• [STORED DATA]
○ ○ ○ ○ ○
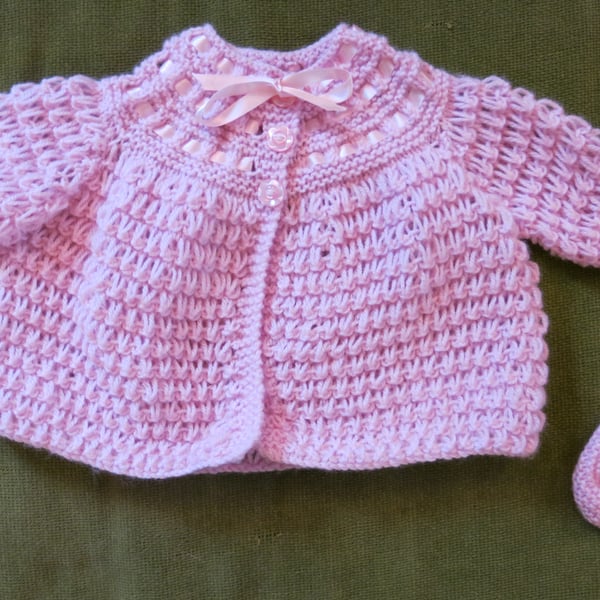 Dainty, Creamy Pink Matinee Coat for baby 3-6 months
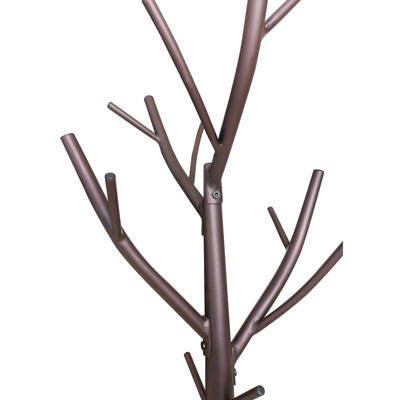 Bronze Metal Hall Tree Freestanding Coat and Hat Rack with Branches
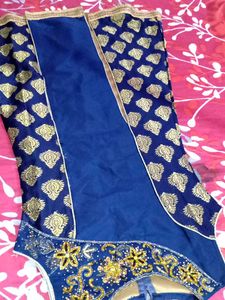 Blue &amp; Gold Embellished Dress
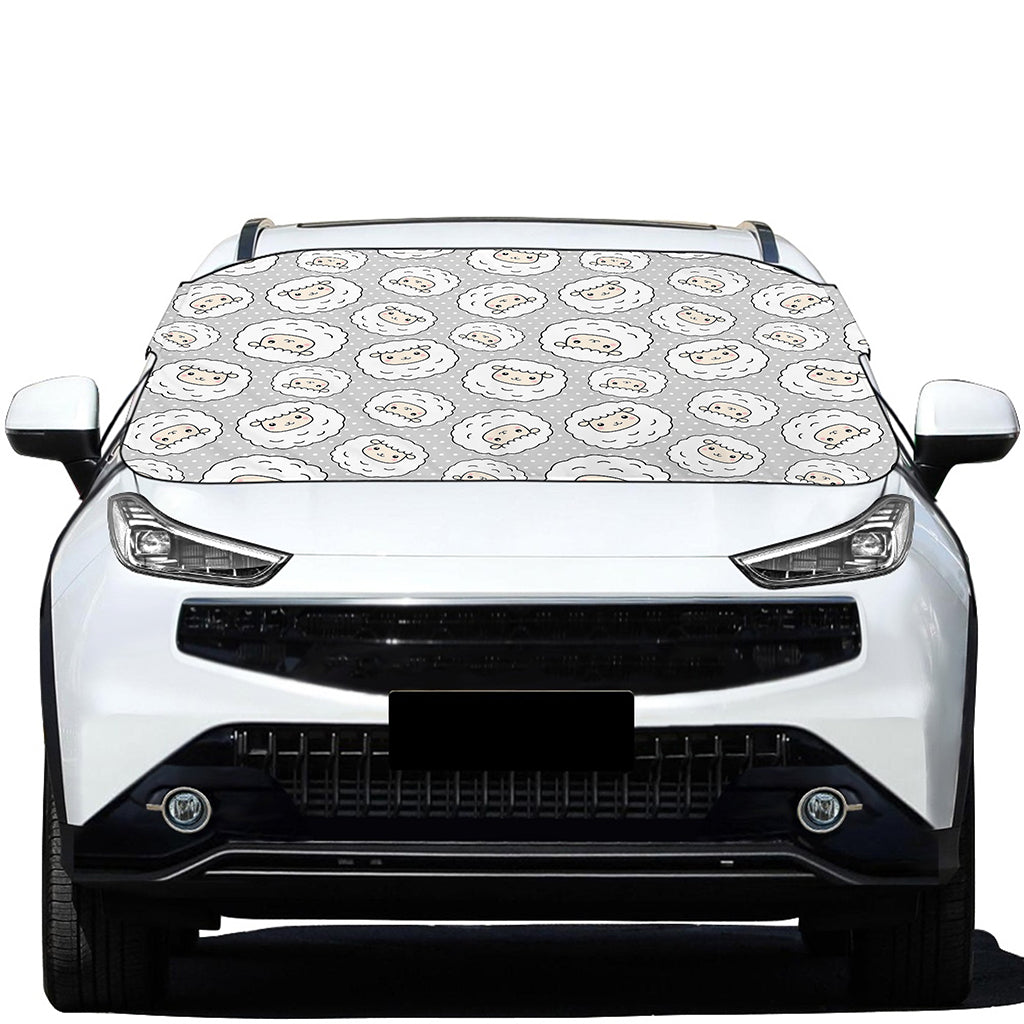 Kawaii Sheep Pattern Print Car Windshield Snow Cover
○ ○ ○ ○ ○
Set down all of the data word for word; no pictures belong in it.

• [RESPONSE TO THE EXERCISE]
 Dainty, Creamy Pink Matinee Coat for baby 3-6 months
 Bronze Metal Hall Tree Freestanding Coat and Hat Rack with Branches
 Blue &amp; Gold Embellished Dress
 Kawaii Sheep Pattern Print Car Windshield Snow Cover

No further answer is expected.